Soils of Chinon appellation

The Chinon appellation area and its soils

  • Gravel and sand soils: alluvial terraces on the left banks of the Loire and Vienne rivers, composed of gravel and sand.
  • Clay-limestone soils: limestone hillsides and knolls, composed of chalk and tufa.
  • At the top of the slopes, flinty clay soils.

The History of Chinon

  • Vines first appeared in Gaul in ancient times with the arrival of the Gallo-Romans.
  • In the Middle Ages, Chinon became the stronghold prized by the kings, as it was located at the crossroads of Anjou, Poitou and Touraine, on the banks of the Vienne, whose confluence with the Loire is at nearby Candes-St-Martin. Its strategic position and waterways encouraged the expansion of the vineyards.
  • During the Renaissance, Northern European countries exported large quantities of Chinon wine from Nantes, which they considered to be of the highest quality. The town played an essential role, thanks in particular to the Dutch merchants who played a major role in the development of a quality vineyard in Chinon, where the main grape variety was Chenin! At the time, white wine was easier to make and transport. White wine was favoured over red wine for 2 centuries!

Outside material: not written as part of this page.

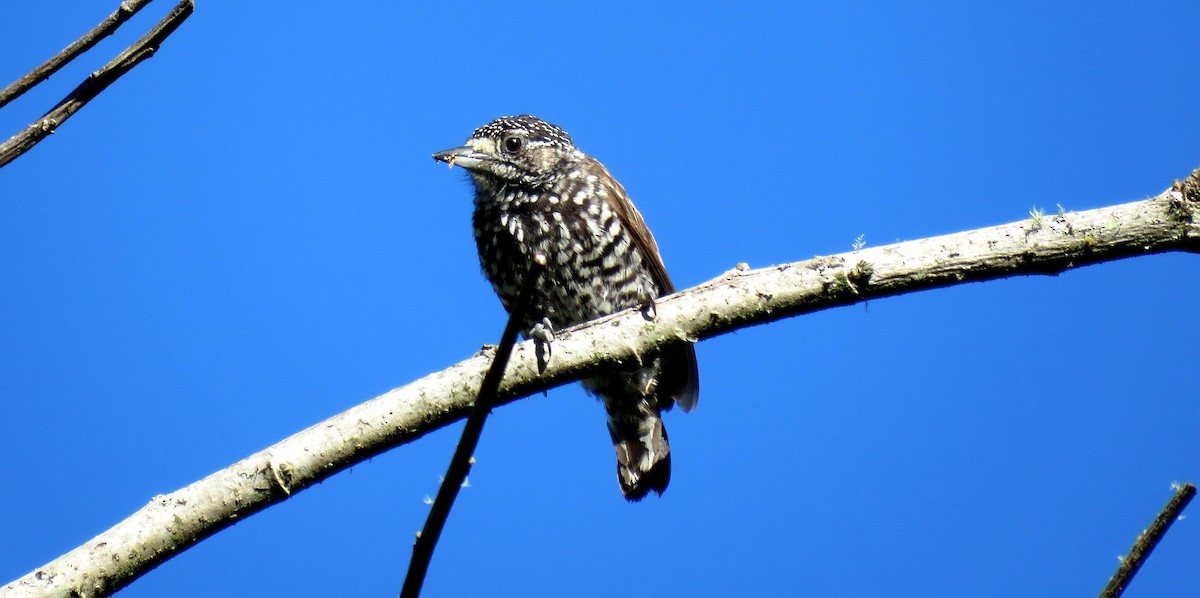 Speckle-chested Piculet - ML39109661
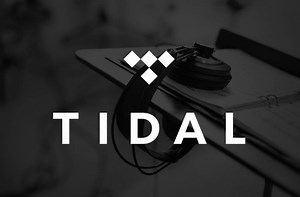 What Are The Advantages And Disadvantages Of Tidal?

Rabelais himself often referred to Chinon red wine in his works as "Breton", but he also mentioned Chinon white wine on more than one occasion.

  • Today, the appellation area and the Rabelaisie blend together in our imaginations, and to drink a Chinon is also to share the humanist values of François Rabelais, the illustrious Chinoner who laid the foundations of a philosophy of Good Living, Good Eating and Good Drinking.